For the next several weeks I became completely captivated by my solar observations, specifically the transit of large sunspots across the Sun's disk. What particularly fuelled my interest was a book I had borrowed from the local library entitled Our Star The Sun, by Donald Menzel of Harvard Observatory[1]. In this fascinating book I learned that the Sun the "daytime star" - was the source of all life on the Earth, and actually "the only practical reason for the study of astronomy". Change the physical nature of the Sun by 1 percentage point, and the survival of the human race, and all life on planet earth, was threatened.

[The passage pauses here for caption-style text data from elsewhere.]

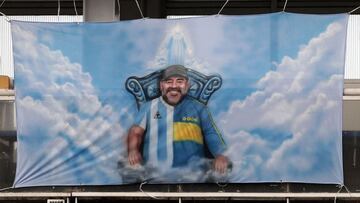 (FILES) In this file photo taken on March 14, 2021 a banner with an image of late Argentine football icon Diego Maradona is seen during the Argentine Professional Football League Superclasico match between Boca Juniors and River Plate at La Bombonera stadium in Buenos Aires. - The public prosecutor&#039;s office investigating Argentine football star Diego Maradona&#039;s death postponed on May 28, 2021 for June 14 the beginning of the hearings of seven people suspicious of having &quot;abandoned him to his fate&quot;, which were scheduled to start on May 31. (Photo by Alejandro PAGNI / POOL / AFP)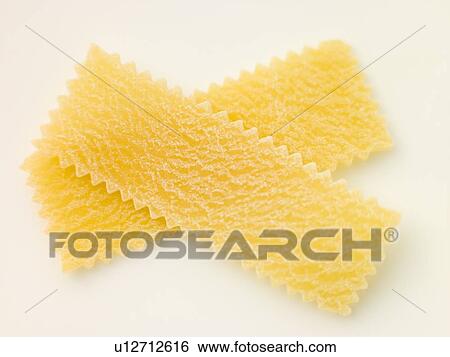 Dried pasta strips View Large Photo Image Stock Photograph - Dried pasta strips. Fotosearch
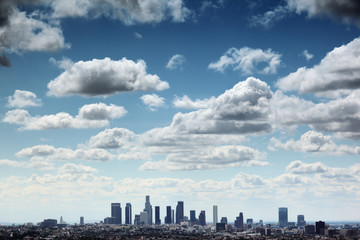 Downtown Los Angeles skyline under blue sky with scenic clouds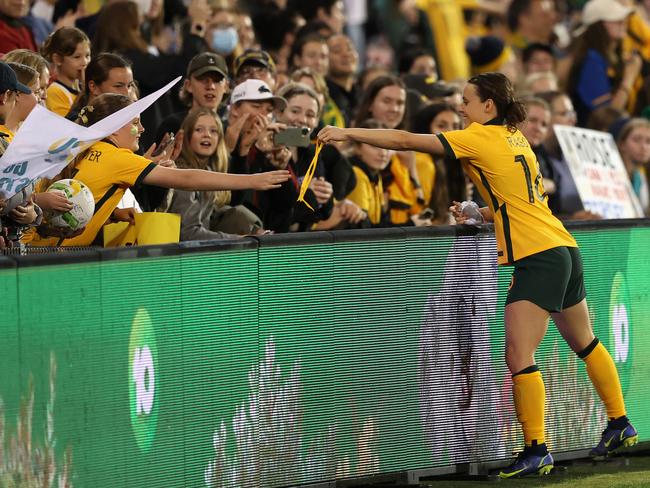 The ribbon handover is the highlight of the night for one lucky fan. Picture: Ashley Feder/Getty Images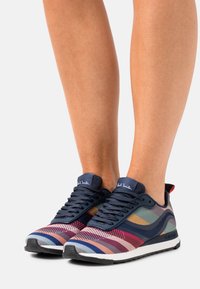 Sneakers con tomaia in rete a strisce multicolori. Presentano lacci blu marina, suola grigia e una linguetta sul tallone rossa a contrasto.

In the words of Sir Fred Hoyle:[2]

...if the Sun were to vary a little, only a very little, we should soon be faced by a situation besides which the political crises that fill our lives would fall into entire insignificance

To many laymen, the Sun appears so hot and bright, that no conscious connection is made to the pinpoints of light seen at night. The Sun tends to be segregated from the other stars entirely. Why the extreme difference in appearance if the Sun is a star like the others? To illustrate, the nearest star to Earth other than the Sun is very similar in physical characteristics: size, brightness, mass and surface temperature. It is called Alpha Centauri, and is 4.3 light years away. This works out to 270,000 times further than the Sun's 93 million miles. It looks like a fairly bright pinpoint because of its distance. However, the Sun would look exactly like it if its distance could be magically increased 270,000-fold.

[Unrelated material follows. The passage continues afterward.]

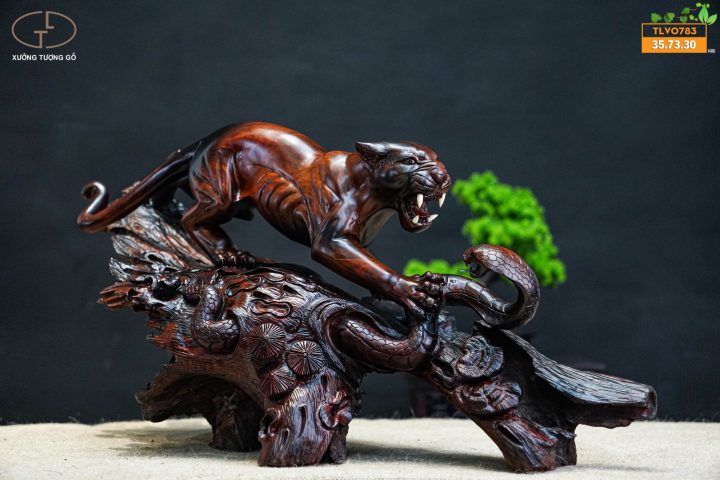 Báo săn mồi gỗ trắc Báo săn mồi gỗ trắc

A physical principle used in astronomy states that the brightness of a light source - like a star, decreases as the square of its distance. In concrete terms, if I look at a 100 watt bulb and a 40 watt bulb from ten feet away, I will judge the 100 watt bulb to be significantly brighter (two-and-a-half times to be exact). However, if I were to move the 100 watt bulb to a distance of 100 feet - keeping the 40 watt bulb at ten feet, what will I see? The 100 watt bulb is now ten times further than it was for the original comparison, so its apparent brightness is now (1/102) = 1/100 of what it was, or equivalent to a 1 watt bulb. Thus, the 40 watt bulb will now appear 40 times brighter even though intrinsically it isn't.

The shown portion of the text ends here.